Below are records with pictures; copy word for word only the lines between the line with "breckenridge colorado bride" and the line with "Image No.6-7 Bed House for sale", inclusive, and drop the pictures.

─── Information shown

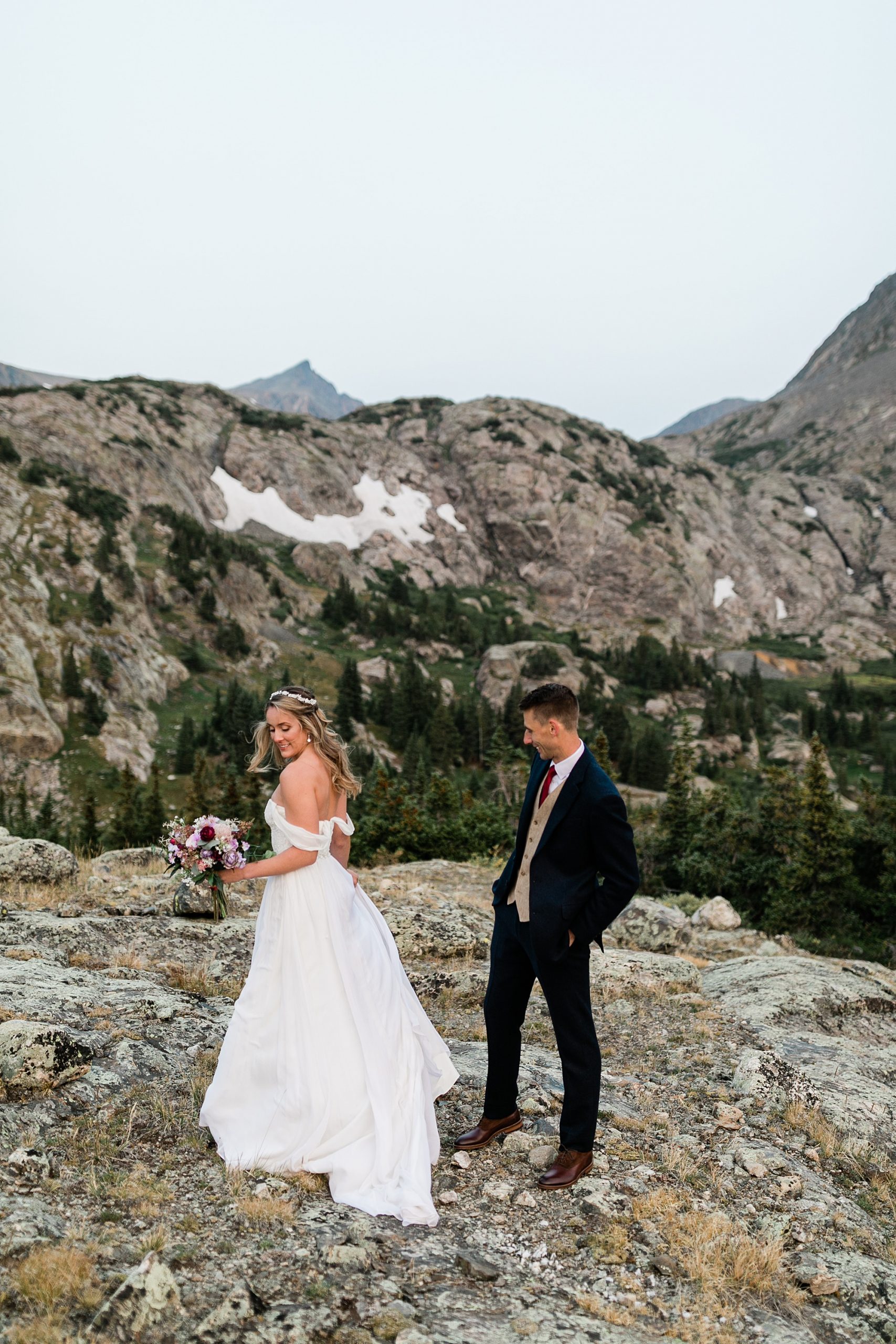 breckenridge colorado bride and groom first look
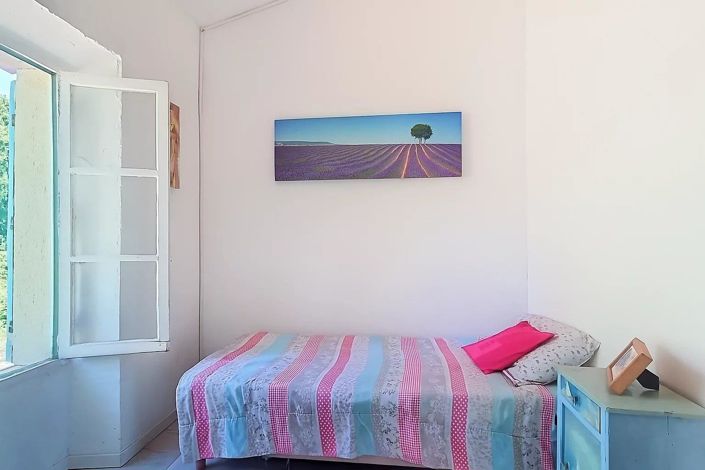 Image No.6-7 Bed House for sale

──────
─── Information shown

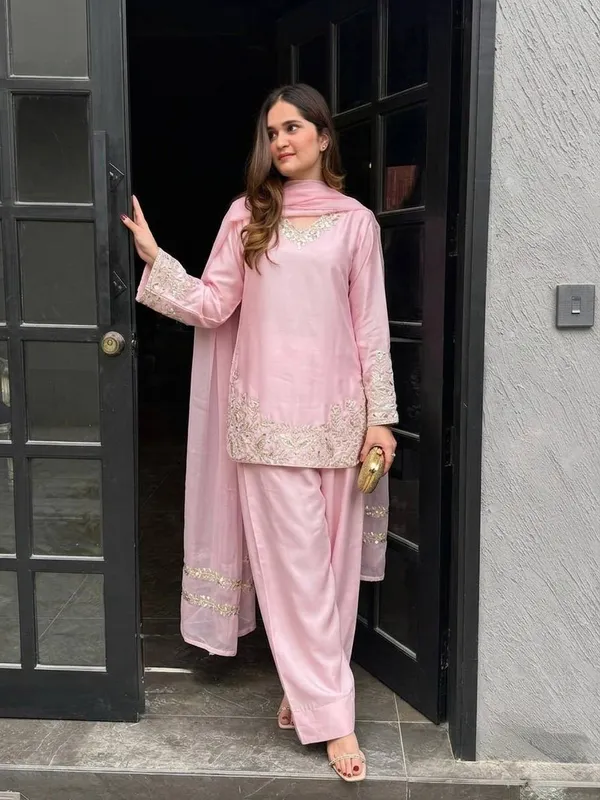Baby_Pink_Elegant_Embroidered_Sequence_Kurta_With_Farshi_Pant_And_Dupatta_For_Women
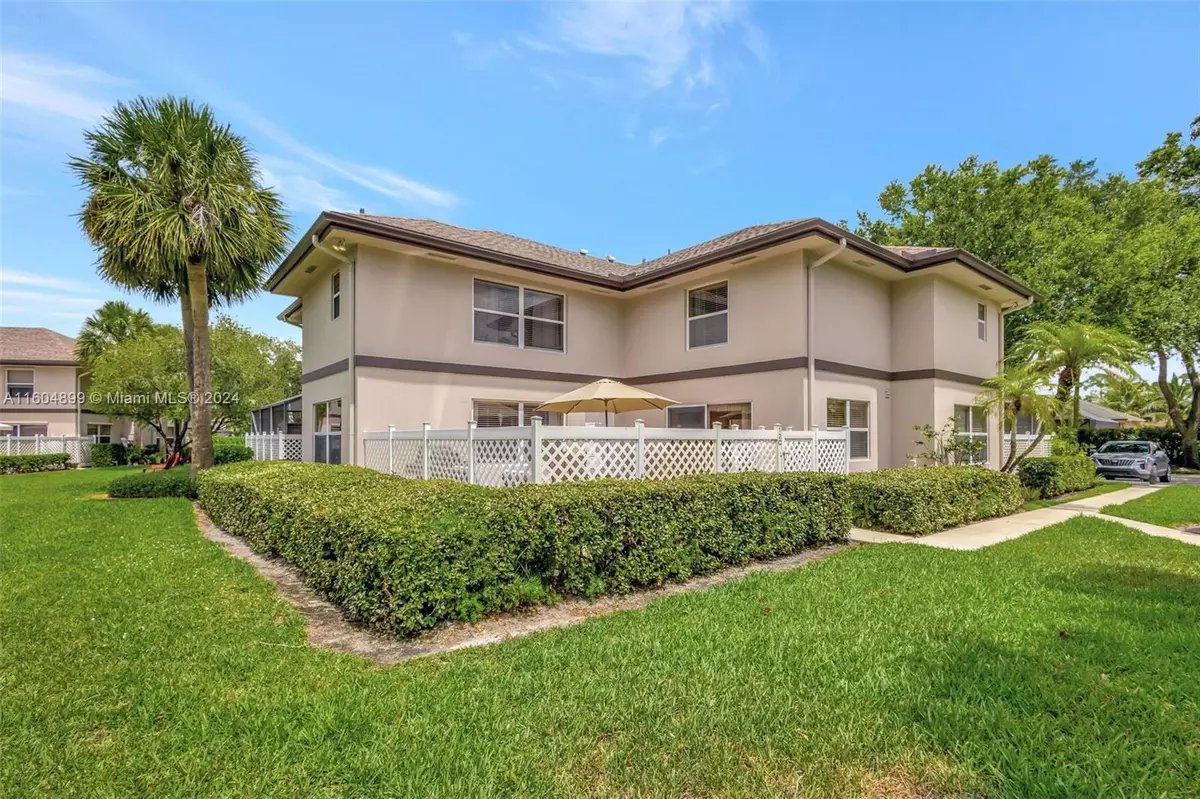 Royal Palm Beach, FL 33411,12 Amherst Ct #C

──────

→ Result of this exercise:
 breckenridge colorado bride and groom first look
 Image No.6-7 Bed House for sale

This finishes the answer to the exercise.